**DIRECTIONS:** Make an exact copy of the records, leaving out the images.

[Caption-style text data]
-- Opening Marker --
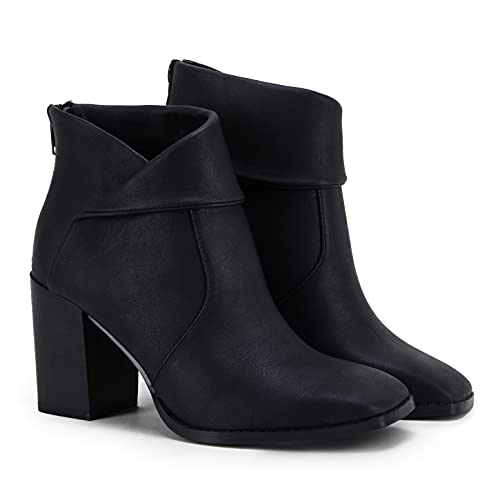 LAICIGO Women's Square Toe Ankle Boots High Chunky Stacked Heel Slip On Criss Cross Zipper Booties4
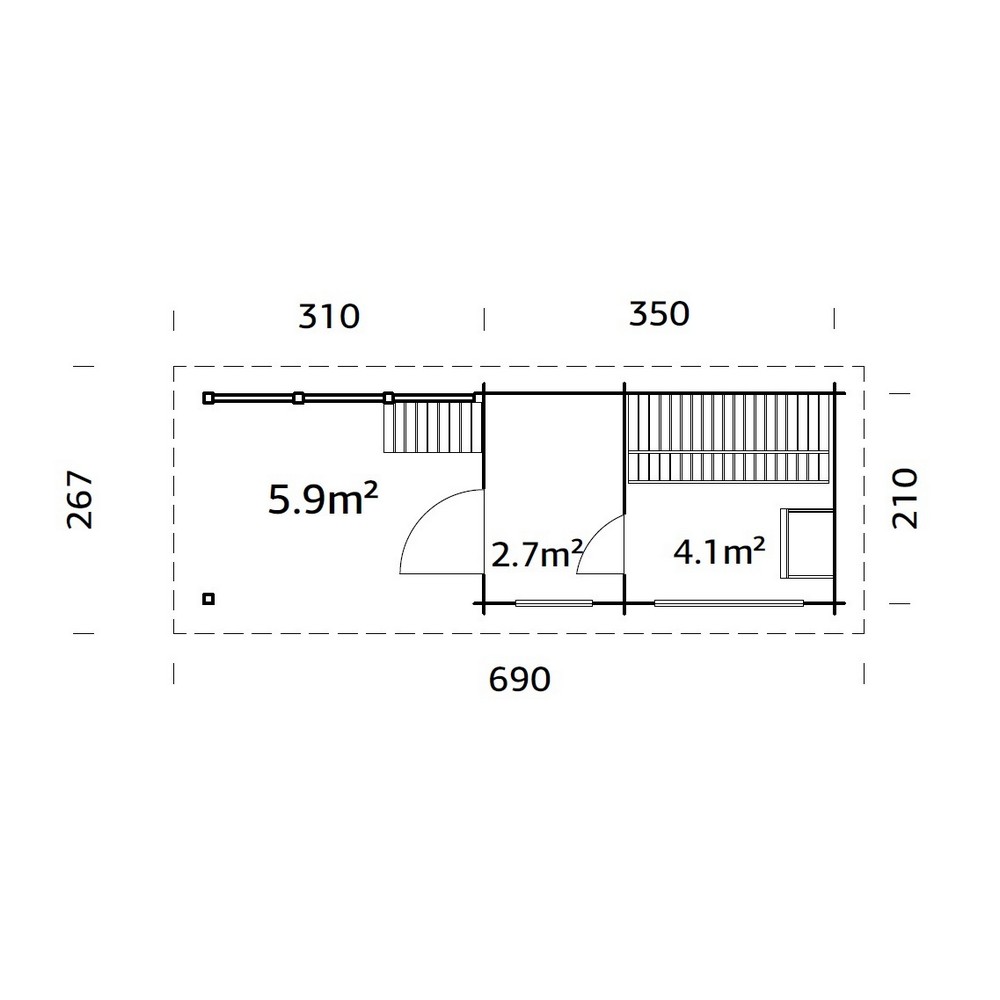 Bastu Palmako Sanna 13,5 m² Fristående Byggsats med Pulpettak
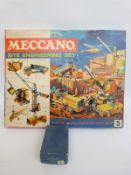 Meccano Site Engineering Set 5 and Meccano motor, both in original boxes.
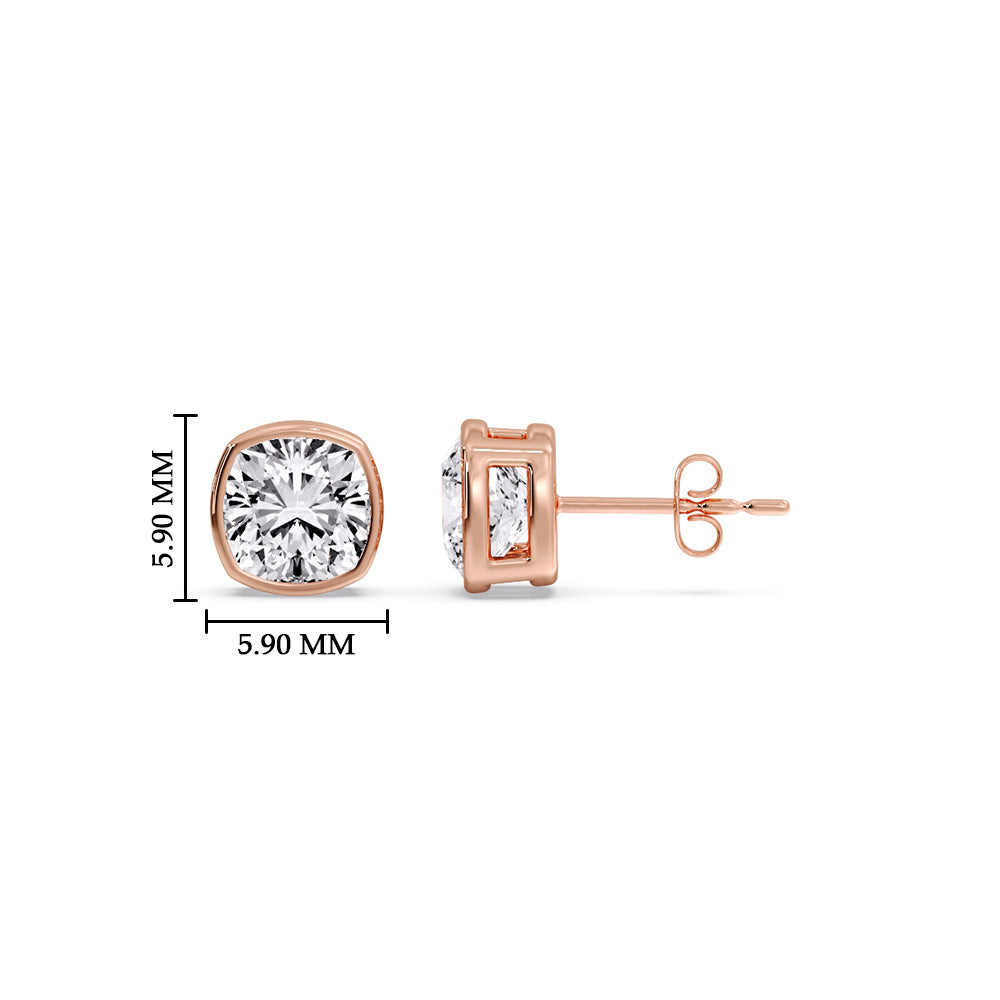 Bezel Set Cushion Diamond Stud Earrings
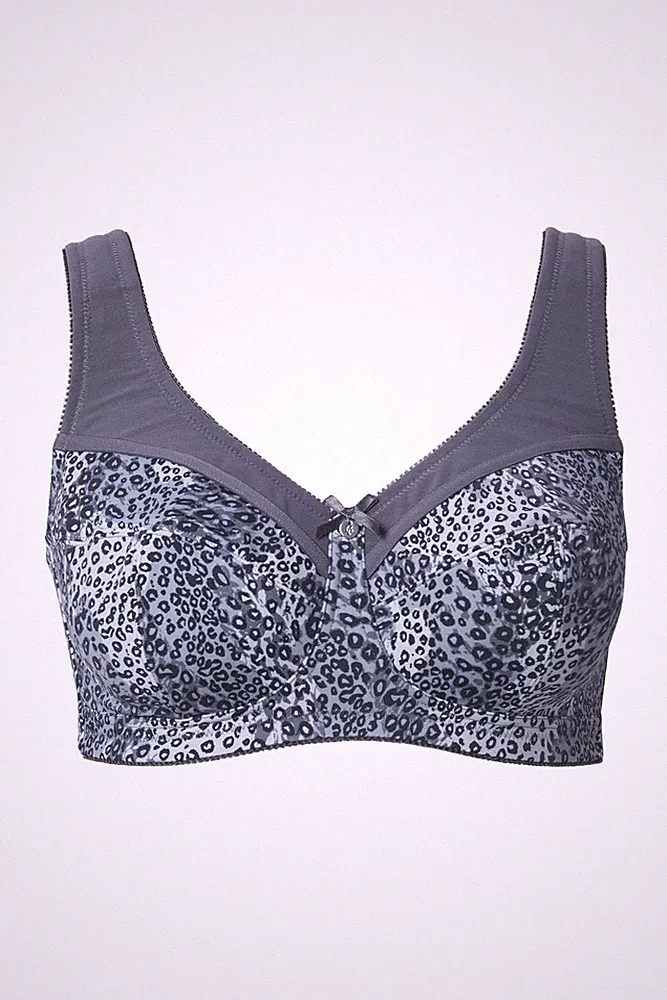 Ulla Popken Damen große Größen Entlastungs BH ohne Bügel Animal 843609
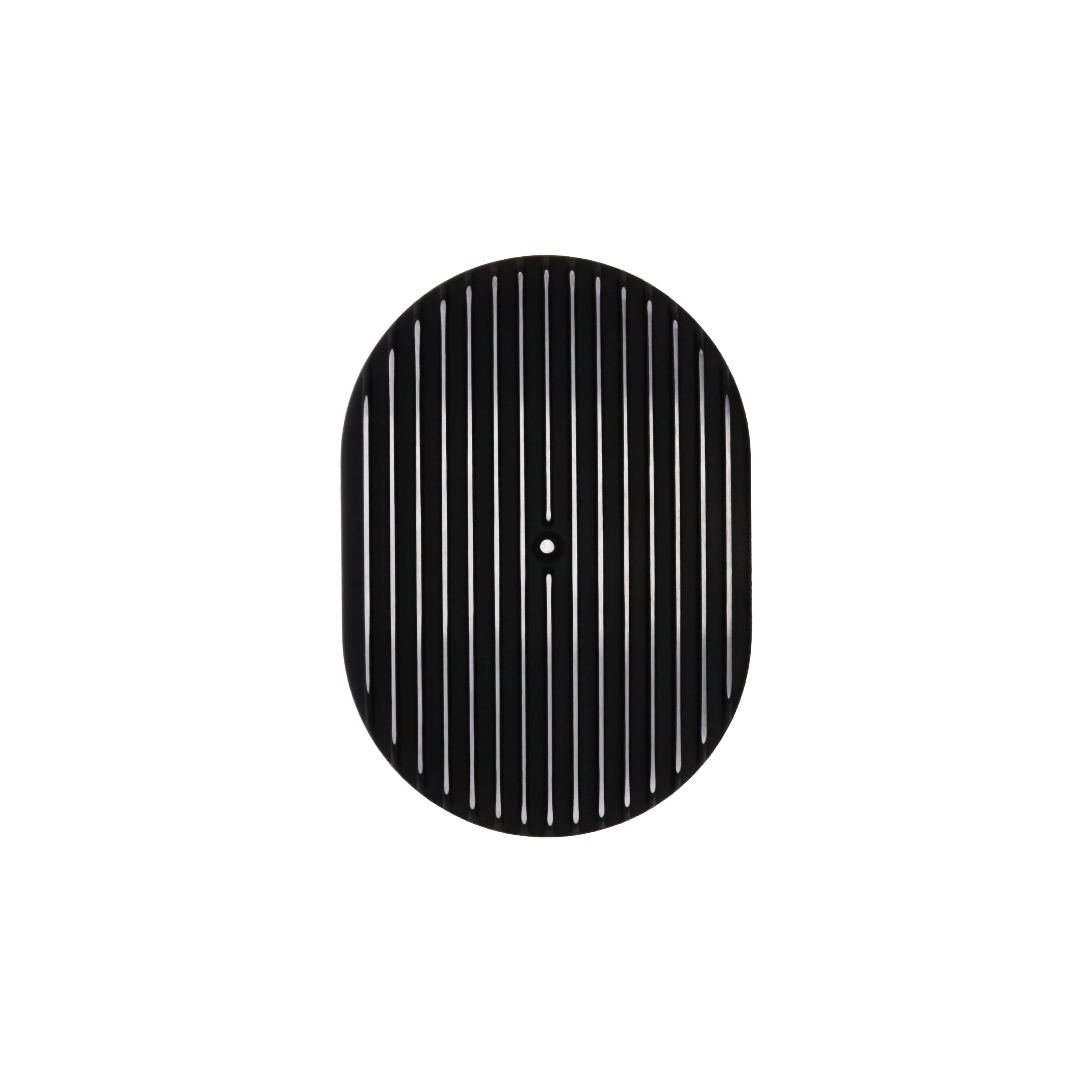 12″ X 2″ Full Finned Oval Aluminum Air Cleaner Kit, Paper Filter, Flat Base, Black - Image 3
-- Closing Marker --
**RESULT:**
 LAICIGO Women's Square Toe Ankle Boots High Chunky Stacked Heel Slip On Criss Cross Zipper Booties4
 Bastu Palmako Sanna 13,5 m² Fristående Byggsats med Pulpettak
 Meccano Site Engineering Set 5 and Meccano motor, both in original boxes.
 Bezel Set Cushion Diamond Stud Earrings
 Ulla Popken Damen große Größen Entlastungs BH ohne Bügel Animal 843609
 12″ X 2″ Full Finned Oval Aluminum Air Cleaner Kit, Paper Filter, Flat Base, Black - Image 3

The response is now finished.